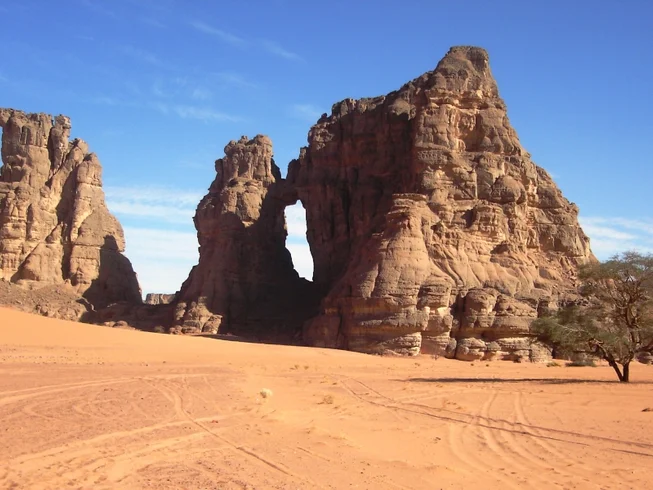 8 Day Magic of Tadrart Acacus: Guided Enduro Motorcycle Tour in the Sahara Desert, Southeast Algeria photo 8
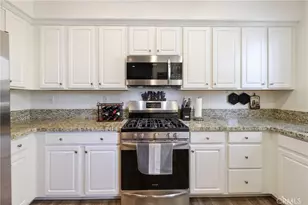 422 W Rte 66, Glendora, CA 91740 - Photo 10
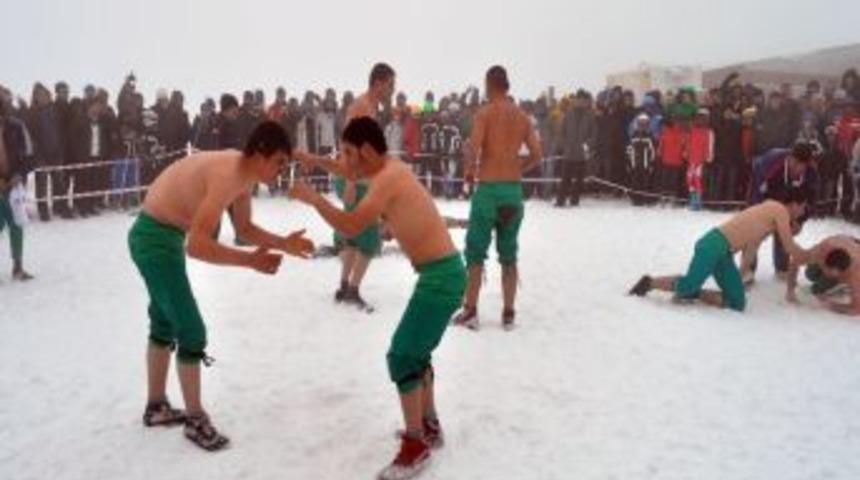 Nemrut Kar Festivali G&uuml;reşle Başladı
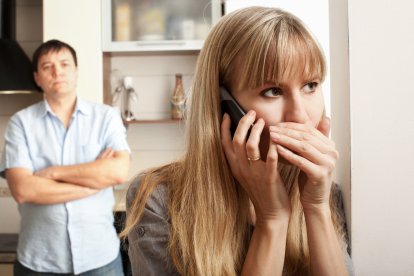 Mandará a su marido al mundial para disfrutar con su amante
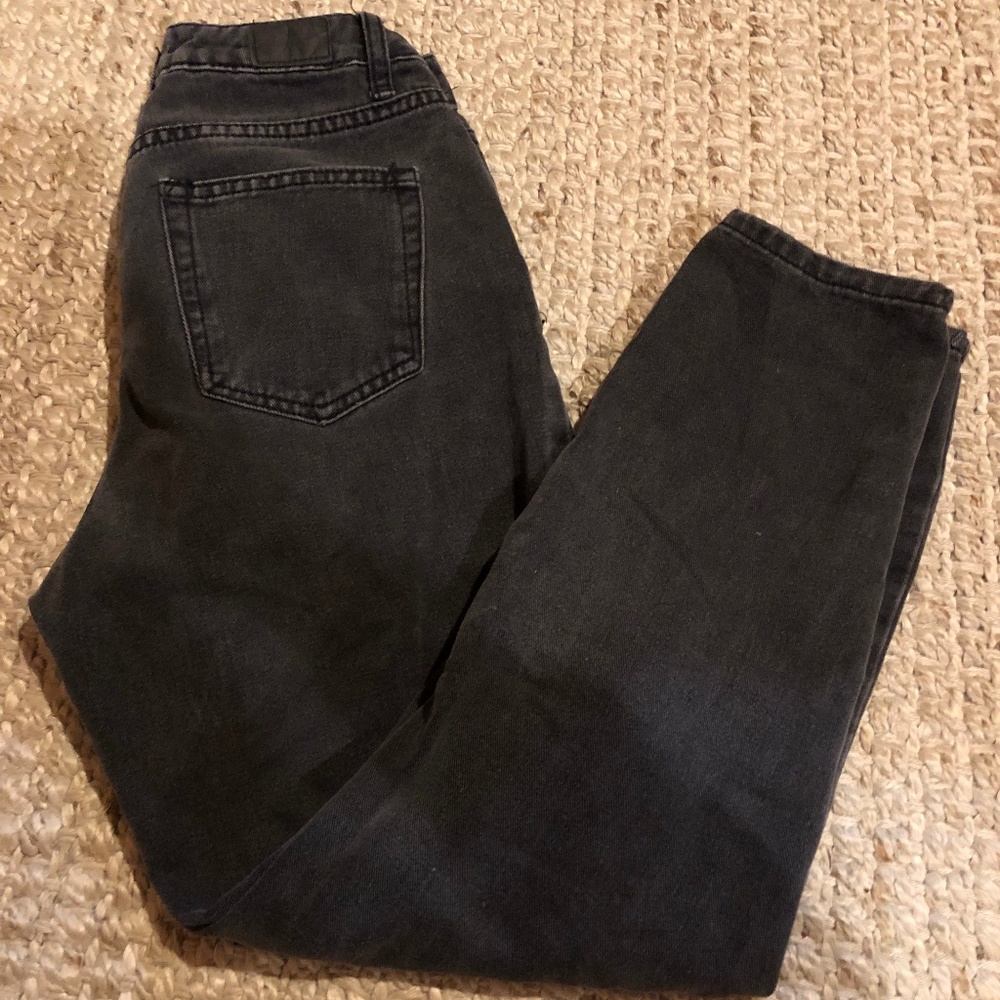 Bluenotes ripped dark jeans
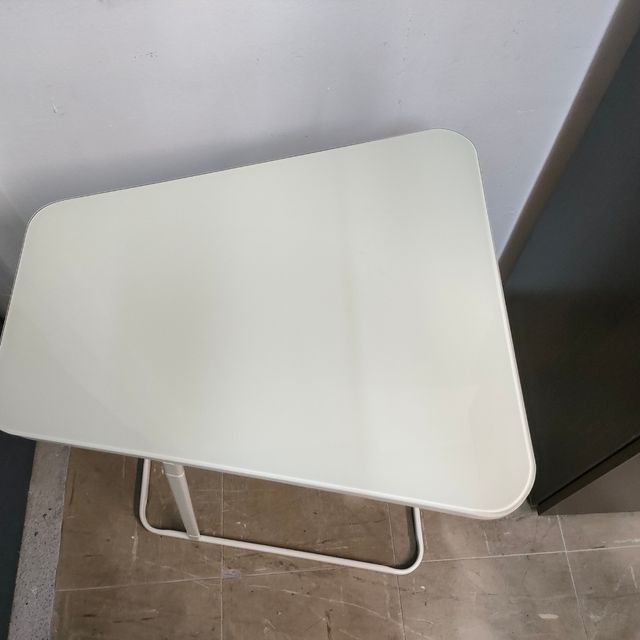 Mesa auxiliar blanca cristal templado muy practica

> _What needs to be done_
Output the material verbatim, skipping the images.

> _Answer section_
 8 Day Magic of Tadrart Acacus: Guided Enduro Motorcycle Tour in the Sahara Desert, Southeast Algeria photo 8
 422 W Rte 66, Glendora, CA 91740 - Photo 10
 Nemrut Kar Festivali G&uuml;reşle Başladı
 Mandará a su marido al mundial para disfrutar con su amante
 Bluenotes ripped dark jeans
 Mesa auxiliar blanca cristal templado muy practica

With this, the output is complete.